New Home for the Alaska Center for Energy and Power!

The Alaska Center for Energy and Power is, from their website: "an applied energy research program based at the University of Alaska. ACEP was formed in January, 2008 with the goal of meeting Alaska’s unique energy research needs, and operates under a private sector business model within the University system." How I know them is that they do research into green energy projects (such as solar, wind, tidal, and geothermal energy), and into energy management in the rural villages, which face unique challenges. Also, quite a few folks who work there overlap my social and academic circles.

Yesterday, I attended the groundbreaking ceremony for their new building, which, in typical Fairbanks fashion, will mushroom up in a few short months.

All the bigwigs gave talks:


They had put up informative posters are various energy topics at the site:


Groundbreaking!


Afterwards, we headed up to the Museum for a reception:



A windmill propeller was on display:


And there was an exhibit from ACEP about energy:


My favorite poster: energy described in a locally relevant unit--dog-hours!

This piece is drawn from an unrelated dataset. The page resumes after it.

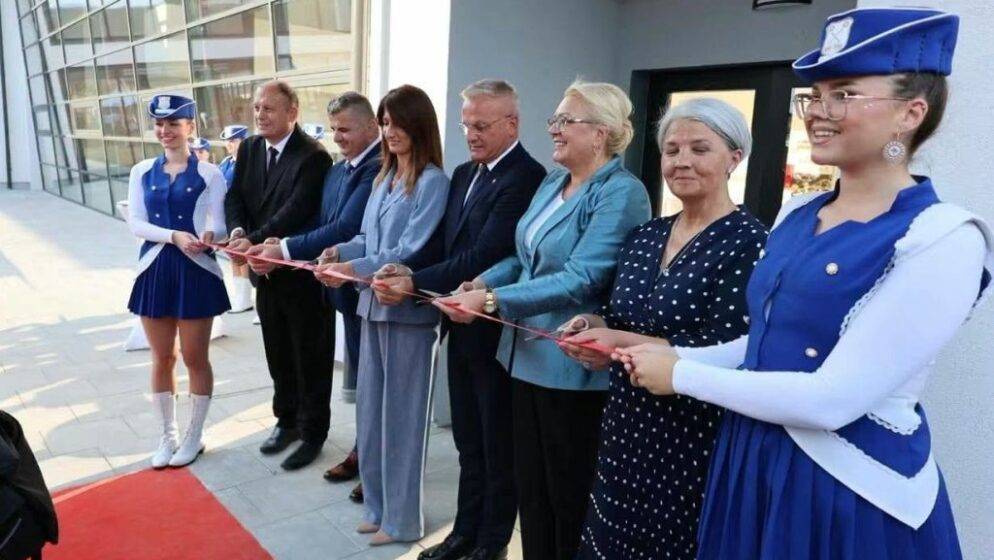 Uz snažnu potporu Vlade Republike Hrvatske svečano otvorena Srednja škola Novi Travnik – novi dom učenika Osnovne i Srednje glazbene škole Jakova Gotovca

Blogger went down yesterday, and came back up having eaten my last post. So posting will be light over the next several days until I know that my posts won't be eaten. Perhaps it's just as well. Much better to scroll down and see a behbeh chick sleepingks than a group of engineering and physics nerds stuffing their faces on falafels. :)

3 comments:

mdr said...

I wonder if they can find a way to use ICE for energy resource, even better, use Alaska ice, the land in AK will appreciate.

Arvay said...

That would be charming, but unfortunately, ice is not a source of usable energy; it is a sink, i.e., you put heat INTO ice to turn it into water. You cannot take heat OUT OF ice.

Unfortunately.

It would be awesome if we could. I'd heat the house, while outside, the ice drops to Ganymede-like temperatures. Danged Second Law of Thermodynamics always foiling my plans!

rena said...

Oooh, I would've liked to see the energy exhibit. Alaska has one thing going for it natural-resources-wise besides oil - it has huge geothermal vents all over the state. Look at Chena Hot Springs where they have dug a pipe down to harness the 160deg water and hooked it up to a generator. That hot water heats the entire ranch, makes all their electricity, and heats their greenhouses. They're selling electricity to the nearby air force base.